Conosco poco Genova. Qualche anno fa ci sono stato due volte consecutive, prima a portare un quadro di Giada, poi a ritirare il premio in suo luogo.
Nel primo caso pioveva forte, la volta seguente ho fatto un bel giro a piedi, sono entrato, a mezzogiorno passato, nel Duomo. Non c'era più nessuno, me lo sono visto e goduto in tutte le sue opere ed i suoi dettagli.
Ma...tanti anni prima, avevo accompagnato la mia nonna Seta che desiderava rivedere quel porto dove, a sei anni, nel 1892, era partita emigrante verso il Brasile con tutta la sua famiglia.

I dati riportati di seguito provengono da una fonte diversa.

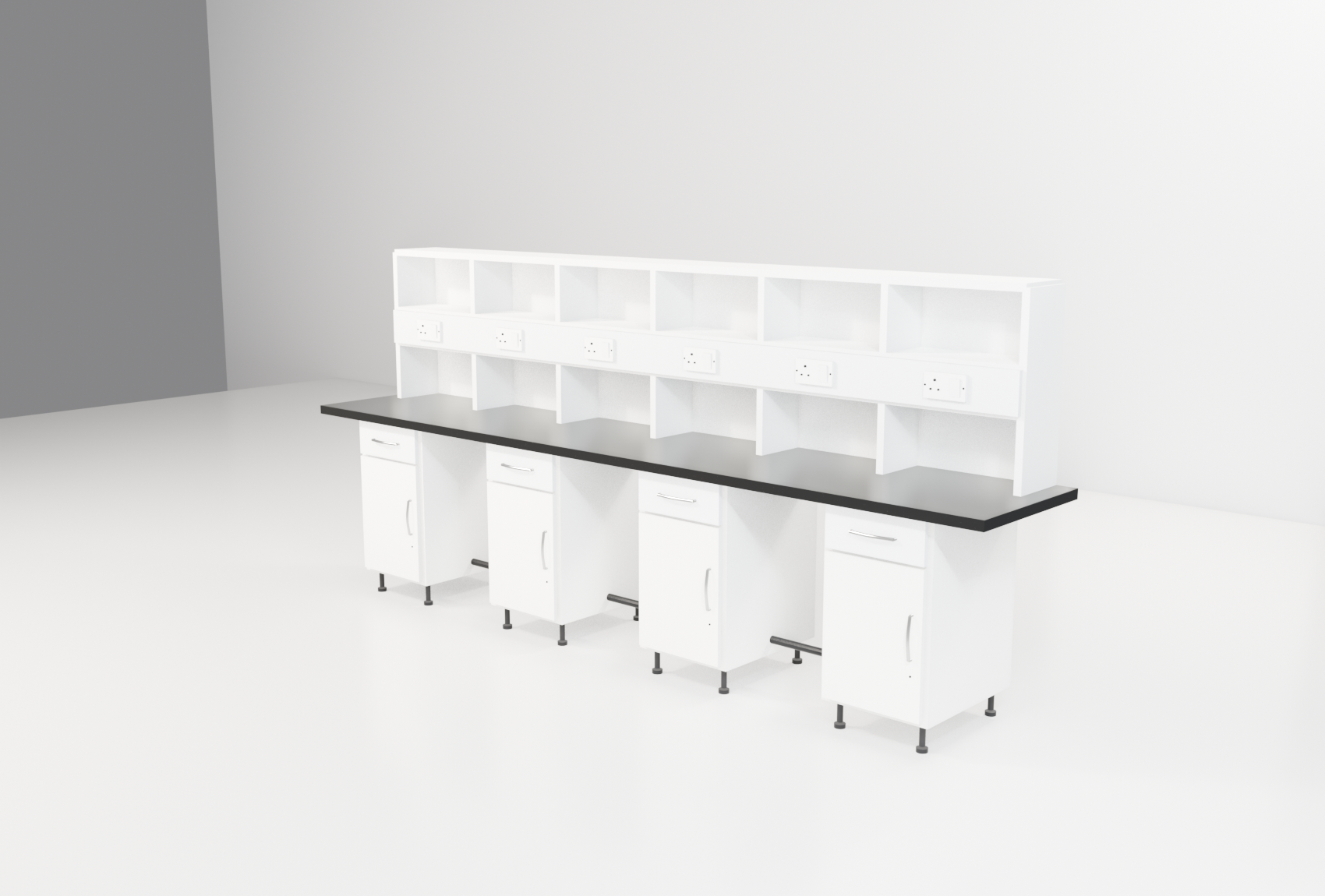 Instrument Benches with white trim — studio render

Non compresi la sua emozione, i suoi occhi lucidi, la felicità del ricordo stampata sul suo volto. Solo ora che tocca a me diventare vecchio, o forse si dice anziano,
riconosco tutto questo ogni volta che rivedo un luogo dove, in passato, ho lasciato un frammento del mio cuore.

red ha detto...

Che bel ricordo, Costantino...grazie di averlo scritto qui. Io torno a Genova da cinquant'anni e non la vedo mai uguale. È come una tela fiamminga piena di dettagli, la puoi guardare e riguardare mille volte e scoprire ogni volta un particolare che non avevi notato. In questo momento mi affascina moltissimo la sua storia medievale, non solo le vicende, ma anche il modo in cui la città tiene nascosta questa parte di sé. Il Seicento ha cancellato molte di queste testimonianze, ma quelle rimaste sono straordinarie e si nascondono bene, come a voler suggerire che in fondo la cosa che Genova ama di più è farsi cercare, farsi desiderare.